→ Try it:
Go through the records and copy each line where the word "Used" occurs.

→ Exercise material:
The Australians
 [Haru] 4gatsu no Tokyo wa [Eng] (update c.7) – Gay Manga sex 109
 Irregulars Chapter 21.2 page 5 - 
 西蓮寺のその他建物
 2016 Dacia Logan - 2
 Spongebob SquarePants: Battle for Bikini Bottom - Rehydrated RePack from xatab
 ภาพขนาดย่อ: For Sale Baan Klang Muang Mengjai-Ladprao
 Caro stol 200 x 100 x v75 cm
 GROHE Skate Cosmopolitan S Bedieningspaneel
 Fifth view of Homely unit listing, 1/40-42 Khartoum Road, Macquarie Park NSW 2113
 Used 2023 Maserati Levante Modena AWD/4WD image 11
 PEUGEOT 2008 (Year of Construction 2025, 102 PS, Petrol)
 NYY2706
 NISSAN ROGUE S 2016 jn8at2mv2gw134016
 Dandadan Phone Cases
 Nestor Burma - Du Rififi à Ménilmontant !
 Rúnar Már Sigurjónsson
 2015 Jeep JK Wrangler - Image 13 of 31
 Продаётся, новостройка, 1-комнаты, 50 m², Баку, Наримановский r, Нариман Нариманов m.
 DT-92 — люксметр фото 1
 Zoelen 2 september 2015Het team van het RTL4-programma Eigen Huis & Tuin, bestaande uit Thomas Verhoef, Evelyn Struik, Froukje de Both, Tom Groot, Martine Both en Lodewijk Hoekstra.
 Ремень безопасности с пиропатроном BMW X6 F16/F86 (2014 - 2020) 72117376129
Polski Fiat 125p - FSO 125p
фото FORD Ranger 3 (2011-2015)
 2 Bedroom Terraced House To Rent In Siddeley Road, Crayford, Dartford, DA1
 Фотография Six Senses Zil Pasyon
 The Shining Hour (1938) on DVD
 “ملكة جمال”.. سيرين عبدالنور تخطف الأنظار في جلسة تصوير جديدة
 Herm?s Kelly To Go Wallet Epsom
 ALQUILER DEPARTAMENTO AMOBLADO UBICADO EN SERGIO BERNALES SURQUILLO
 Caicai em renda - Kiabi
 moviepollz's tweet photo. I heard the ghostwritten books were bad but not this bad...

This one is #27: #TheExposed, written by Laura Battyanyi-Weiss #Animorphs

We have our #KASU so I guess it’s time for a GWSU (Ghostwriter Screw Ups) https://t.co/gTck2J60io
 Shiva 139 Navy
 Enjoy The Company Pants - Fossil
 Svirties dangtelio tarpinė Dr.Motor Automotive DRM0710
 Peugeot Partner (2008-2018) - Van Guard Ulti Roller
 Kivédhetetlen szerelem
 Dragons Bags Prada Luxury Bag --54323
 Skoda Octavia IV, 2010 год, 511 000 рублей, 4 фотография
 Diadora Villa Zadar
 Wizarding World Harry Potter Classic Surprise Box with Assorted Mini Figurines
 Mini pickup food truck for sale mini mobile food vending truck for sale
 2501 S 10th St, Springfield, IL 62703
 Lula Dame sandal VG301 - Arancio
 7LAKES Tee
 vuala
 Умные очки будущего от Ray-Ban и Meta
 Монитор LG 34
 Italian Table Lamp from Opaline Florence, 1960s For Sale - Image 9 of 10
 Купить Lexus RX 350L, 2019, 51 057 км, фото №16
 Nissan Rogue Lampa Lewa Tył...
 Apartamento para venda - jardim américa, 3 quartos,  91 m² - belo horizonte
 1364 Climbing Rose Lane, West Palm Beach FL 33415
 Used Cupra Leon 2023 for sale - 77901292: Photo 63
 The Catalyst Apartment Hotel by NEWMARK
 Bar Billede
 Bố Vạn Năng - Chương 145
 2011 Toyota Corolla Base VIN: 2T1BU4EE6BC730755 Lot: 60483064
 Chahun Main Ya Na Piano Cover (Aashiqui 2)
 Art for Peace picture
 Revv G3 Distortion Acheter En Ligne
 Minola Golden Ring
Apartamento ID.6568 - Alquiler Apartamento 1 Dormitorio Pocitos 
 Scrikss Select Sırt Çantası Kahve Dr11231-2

→ Reply:
 Used 2023 Maserati Levante Modena AWD/4WD image 11
 Used Cupra Leon 2023 for sale - 77901292: Photo 63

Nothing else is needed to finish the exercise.